Sem querer de todo entrar numa discussão política sobre esta peça de vestuário que tem sido tão intimamente (e negativamente) associada ao Afeganistão, apercebi-me de um conjunto de opiniões interessantes que gostava de partilhar convosco.

A moda feminina no Afeganistão não começa e acaba na Burqa.

Na realidade, tenho visto uma variedade de peças de vestuário e calçado bem variado, com desenhos bem sensuais e por vezes até bastante arrojados!

Aparentemente o uso da Burqa já eram comum em diversas sociedades tribais no Afeganistão antes da chegada do Islão.

A Burqa confere à mulher “comum” Afegã uma forma de mobilidade com segurança, que doutra forma (como noutras sociedades) estaria mais vulnerável a um conjunto de potenciais incidentes que também são comuns no nosso próprio país.

Depois há ainda a influência das sucessivas guerras, onde milhares de pessoas se concentram em campos de deslocados/ refugiados, com muito pouco espaço e privacidade, em que a mulher (do ponto de vista prático) tem de lidar com riscos acrescidos no que toca à sua integridade.

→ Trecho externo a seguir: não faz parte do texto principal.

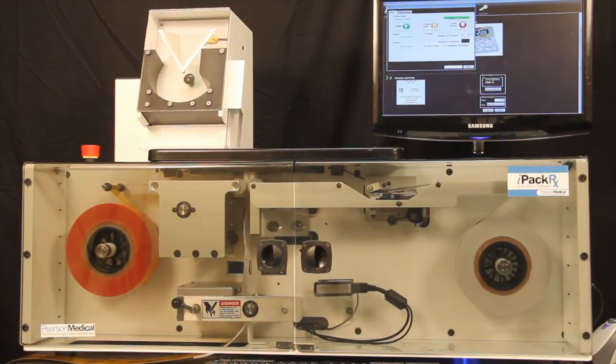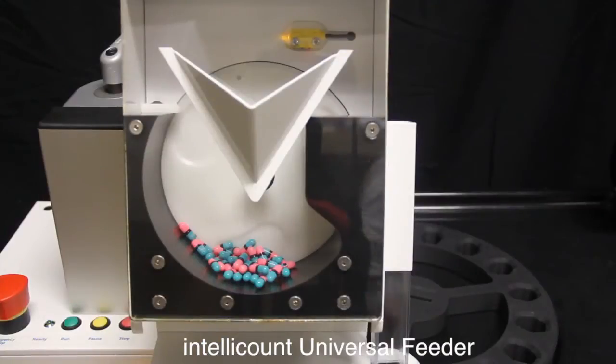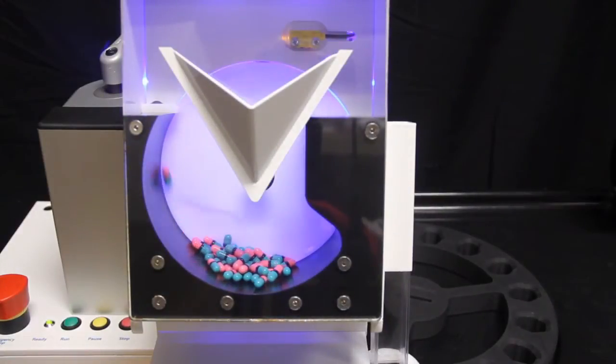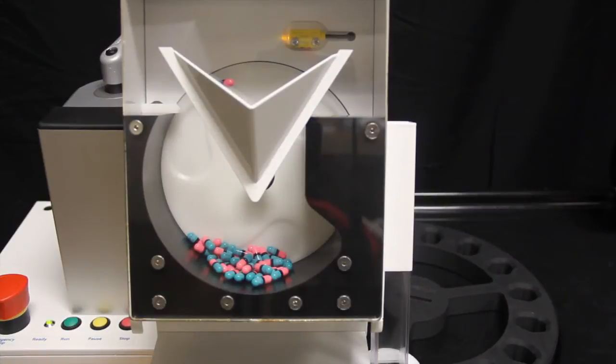With the IntelliCount feeder, a technician can simply pour in the medications, hit start, and walk away, freeing personnel to perform more demanding tasks for unprecedented productivity.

Segundo me apercebi, foi também no contexto da guerra civil que alguns grupos considerados mais radicais proclamaram o uso obrigatório da Burqa em determinadas circunstâncias.

Não quero contudo querer transparecer que a vida da mulher Afegã é um “mar de rosas”, antes pelo contrário! …pois os códigos sociais vigentes em vários aspectos são severos para as mulheres, além de que a vida aqui é muito dura e há necessidade de praticamente tudo! Mas mesmo com a informação reduzida que disponho, parece-me que a mulher “comum” está mais preocupada com outras questões, tais como a segurança alimentar, saúde, educação e o acesso ao mercado de trabalho, do que propriamente com uma indumentária que lhe confere, como já foi referido, anonimato, mobilidade e segurança.